One of the mysteries of the Standard Model is the top quark which has a mass (172 GeV) much much higher than the other quarks, this is also much heavier than expected initially and still remains unexplained. But thanks to the Higgs mechanism we know that the mass of a particle is set by how strongly it interacts with the Higgs field, so for some unknown reason the top quark very strongly couples with the Higgs. This is why we decided to study the top quark properties in details. It could be that some of the top quark properties deviate slightly from the standard model of particle physics, or that some of the top quarks are produced via new mechanisms inside the proton-proton collisions at LHC.

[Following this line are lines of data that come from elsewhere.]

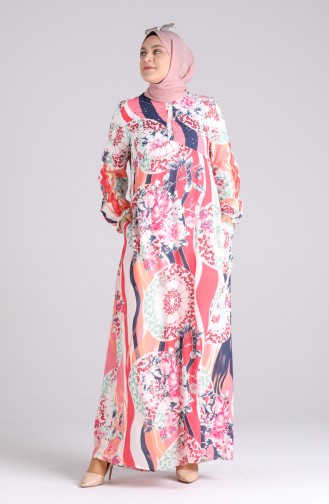 Plus Size Stone Printed Patterned Dress 3070-06 Coral 3070-06
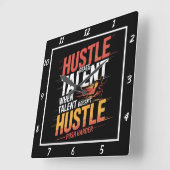 Horloge Carrée Hustle Beats Talent Runner Motivation (Angle)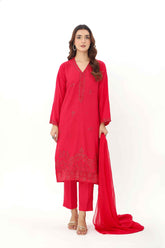 3 Piece Lawn Karandi Embroidered Suit (BA0116)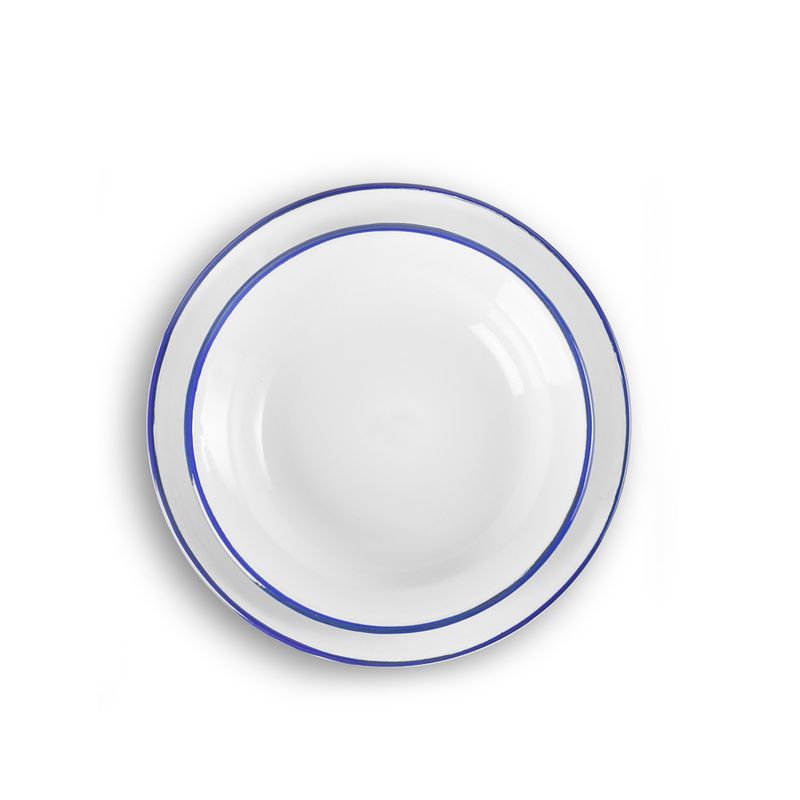 IBILI VINTAGE, white with blue ribbon plain plate (22 x 22 x 2.3 cm)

New heavy particles could decay into pairs of top quarks. The HEP group in Stockholm has lead the effort of a measurement of the so-called top quark pair differential cross section (see http://arxiv.org/abs/1207.5644 ), which would for instance be able to detect the presence of new particles decaying into top quarks pairs in the invariant mass distribution of the two top quarks. Similar measurements were performed at Tevatron, but thanks to the very high center of mass of the LHC, it is possible to probe new particles to much higher masses. No new particle turned up, and this measurement will have to be redone in 2015 when higher, 14TeV of energy LHC data will be available (and allow to probe even higher particle masses). For now this completely new measurement will allow theorists to tune and improve Monte Carlo simulation programs so that they agree with this new data in a previously unexplored region of phase space.
One of our favourite topics at OKC is dark matter and the ATLAS experiment has a lot to say about this question. This summer saw more than 20 new ATLAS search results in the domain of supersymmetry (SUSY), one of the leading candidate theories of physics beyond the standard model. A full summary of all these results can be found here. Since the LHC is a proton-proton collider, production of colored SUSY particles such as the squarks and gluinos has always been considered as the golden discovery mode for SUSY. Nevertheless the search for these particles has turned nothing so far and since we have a duty to do the best we can with this fantatistic machine, we are also turning to other SUSY production modes.
ATLAS could reveal SUSY for instance if the SUSY partners of the leptons, the “sleptons” or the SUSY partners of the gauge bosons the “gauginos” were produced directly in the proton-proton collisions. The Stockholm HEP group has initiated a search for direct slepton production and lead the effort of a multichannel search for direct sleptons and direct gauginos production in two lepton final states ( http://arxiv.org/abs/1208.2884 ). The gaugino modes searched for can be combined with tri-lepton final states and provide very significantly extended limits in the gaugino parameter space M1, M2 and mu over previous results. These parameters are central to constrain the properties of the dark matter particle if it is of SUSY nature. Light sleptons could also play a role in helping SUSY to provide a relic dark matter density consistent with observations. The new ATLAS direct slepton limits are the first limits in the slepton sector since the LEP era and exclude left-handed sleptons up to a mass of 195 GeV for a 20 GeV neutralino. The search for sleptons at LHC is in some sense a benchmark since this is the SUSY production process with the smallest cross section.
The two papers above were prepared with data from 2011 and the analysis of 2012 data is already ongoing. In the case of the top pair differential cross section the precision of the results is limited by systematics and will probably wait for 2015 for a competitive update. The Stockholm team is for this reason now turning to other interesting channels of probing the top sector with the 2012 data. In the case of the slepton and gaugino search, the 2012 data is very valuable (10fb-1 already recorded and another 10fb-1 expcted by the end of the year) so our group is working on the analysis of this new data, which will allow to significantly improve the new limits and perhaps even find something new. Stay tuned!